Synapse

An interconnected graph of micro-tutorials

The Stick-Breaking Construction

This is an early draft. Content may change as it gets reviewed.

The most visual way to understand the Dirichlet process. Stick-breaking (Sethuraman 1994) gives you a recipe for constructing a draw from the DP step by step.

The idea

Imagine you have a stick of length 1. This stick represents all the probability in the world — 100% — waiting to be divided up among words. You’re going to break this stick into pieces, one at a time, and hand each piece to a word.

Step by step

Break 1: Pick a random fraction $\beta_1$ of the stick (using a Beta distribution!). Break off that fraction. This piece has length $\pi_1 = \beta_1$. Hand it to a word drawn from the base distribution $H$. That word just got its probability.

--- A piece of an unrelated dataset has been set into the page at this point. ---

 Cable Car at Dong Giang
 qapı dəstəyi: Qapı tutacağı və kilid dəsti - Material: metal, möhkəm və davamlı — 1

Break 2: You now have a shorter stick — the leftover, of length $1 - \pi_1$. Pick another random fraction $\beta_2$. Break off that fraction of the remaining stick. This piece has length $\pi_2 = \beta_2 \times (1 - \pi_1)$. Hand it to another word from $H$.

Break 3: The remaining stick is shorter still. Break off another random fraction $\beta_3$ of what’s left. This piece has length $\pi_3 = \beta_3 \times (\text{what’s left after breaks 1 and 2})$. Hand it to another word.

And so on, forever. Each break takes a random fraction of whatever stick remains. The pieces get smaller on average (because the remaining stick keeps shrinking), but they never quite reach zero — there’s always a little sliver left.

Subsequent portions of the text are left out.